Sserubiri and Others v Salama and Others (Miscellaneous Application No. 205 of 2021) [2022] UGHCCD 230 (24 October 2022)
Full Case Text
#### **THE REPUBLIC OF UGANDA**
## **IN THE HIGH COURT OF UGANDA AT KAMPALA**
## **CIVIL DIVISION**
## **MISC. APPLICATION NO. 205 OF 2021**
# **(ARISING OUT OF CIVIL SUIT NO. 314 OF 2014)**
# **1. SSERUBIRI FRANK**
# **2. HABIB MALIK**
**3. LUTAKOME HENRY::::::::::::::::::::::::::::::::::::::::::::::::::::::::APPLICANTS**
## **VERSUS**
#### **1. SALAMA JAQUES**
- **2. SERAPIA SEMUHOZA ETIENNE** - **3. NYABATWARE NEMA:::::::::::::::::::::::::::::::::::::::::::::::RESPONDENTS**
#### **BEFORE: HON. JUSTICE SSEKAANA MUSA**
# **RULING**
The applicants filed this application under section 98 of the Civil procedure Act, Order 9 Rule 12, and Order 52 Rules 1 and 3 of the Civil procedure Rules to set aside the default judgment entered on the 9th day of March 2021 as well as be granted leave to file a defense in civil suit of 2019. The judgment was entered under Order 9 Rule 6.
The application was supported by an affidavit sworn by Sserubiri Frank.
1. He stated that the applicants were sued vide Civil Suit No. 314 of 2019 and contend that they instructed Lawyers A. W. Bukenya & Co.
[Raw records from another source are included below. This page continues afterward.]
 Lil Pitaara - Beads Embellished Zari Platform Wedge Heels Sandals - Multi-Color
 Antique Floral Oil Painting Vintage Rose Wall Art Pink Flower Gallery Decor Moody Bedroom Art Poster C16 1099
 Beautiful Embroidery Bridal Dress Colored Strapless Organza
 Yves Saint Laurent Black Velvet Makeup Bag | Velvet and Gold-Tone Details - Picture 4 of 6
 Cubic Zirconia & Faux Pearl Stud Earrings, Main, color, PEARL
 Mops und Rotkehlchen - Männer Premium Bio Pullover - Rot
Advocates to represent them in that matter and also handle all matters thereto and arising from the said suit.
2. That the advocates never filed a defense in the matter and instead filed a Notice of Withdrawal on the 1st day of February 2021 which they never brought to the attention of their former clients and subsequently a default judgment was entered against the applicants.
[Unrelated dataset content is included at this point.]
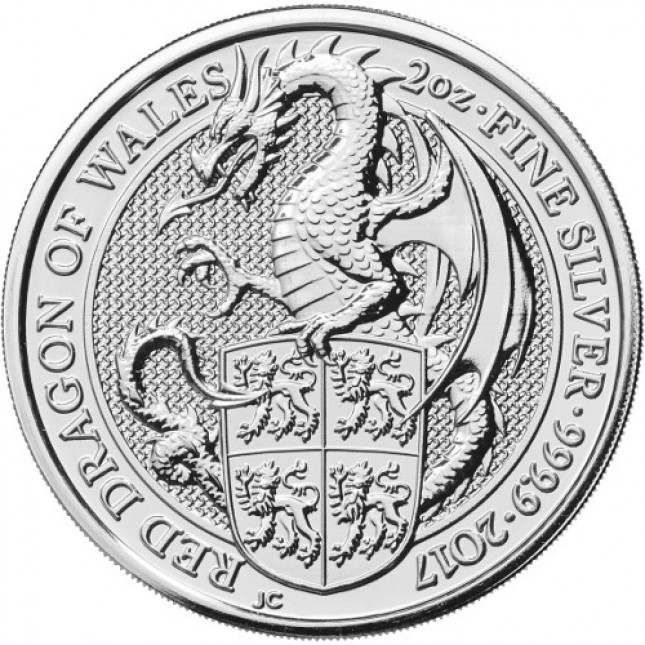 2017 UK 2 Oz Silver The Red Dragon of Wales BU (Queen's Beasts Series)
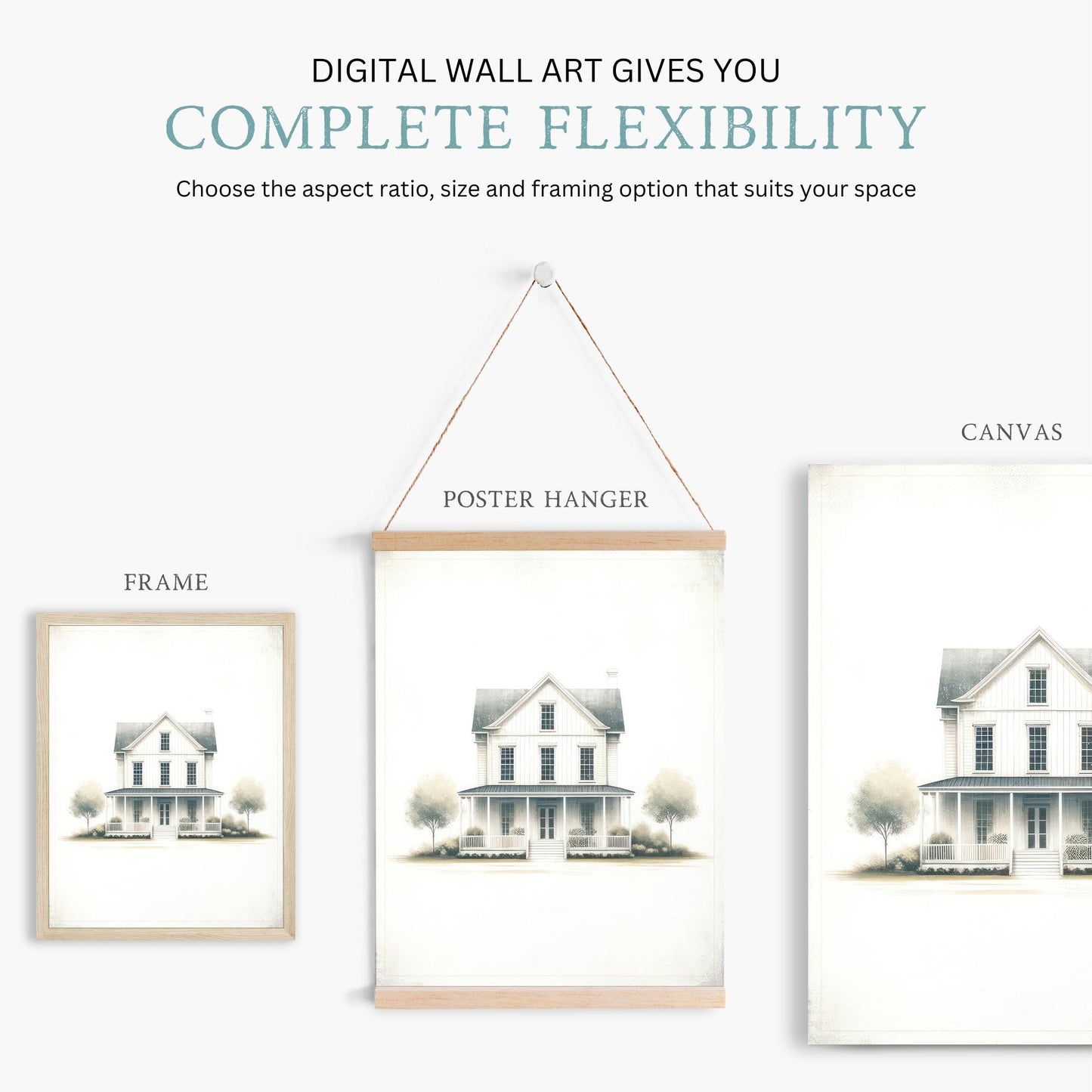 Country House Print, Minimalist Vintage Art, Modern Farmhouse Decor - WildfieldPrints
On the other hand, the respondents filed an affidavit in opposition sworn by Salama Jacques and contended that the application lacked merit and was an abuse of court process intended to delay the respondents from obtaining the fruits of their judgment. The respondents contended that the applicants were aware of the court matter.
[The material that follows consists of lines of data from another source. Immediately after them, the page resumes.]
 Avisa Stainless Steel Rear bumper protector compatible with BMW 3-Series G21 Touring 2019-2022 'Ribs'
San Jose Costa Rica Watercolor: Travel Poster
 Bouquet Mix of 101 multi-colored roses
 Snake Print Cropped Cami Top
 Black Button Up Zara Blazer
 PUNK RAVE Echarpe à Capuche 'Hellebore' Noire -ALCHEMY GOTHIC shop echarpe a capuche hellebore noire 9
The applicants were represented by *Joseph Luzige* while the respondents were represented by *Kunihira Winfred* & *Micheal Aboneka*.
The parties filed written submissions that were duly considered by the court.
#### *Issue.*
# *Whether or not the default judgment entered against the applicants in civil suit No. 314 of 2019 and the resultant decree should be set aside warranting the applicants to file their defence*
The applicants contend that there was an inadvertent mistake of counsel which in law should not be visited on the applicants. It is indicated in the affidavit supporting the motion that the applicants instructed their former counsel M/s A. W. Bukenya & Co. Advocates to file a defense in the suit but they instead filed a Notice of Withdrawal on the 1st day of February 2021 which they never brought to the attention of their former clients and subsequently, a default judgment was entered against the applicants.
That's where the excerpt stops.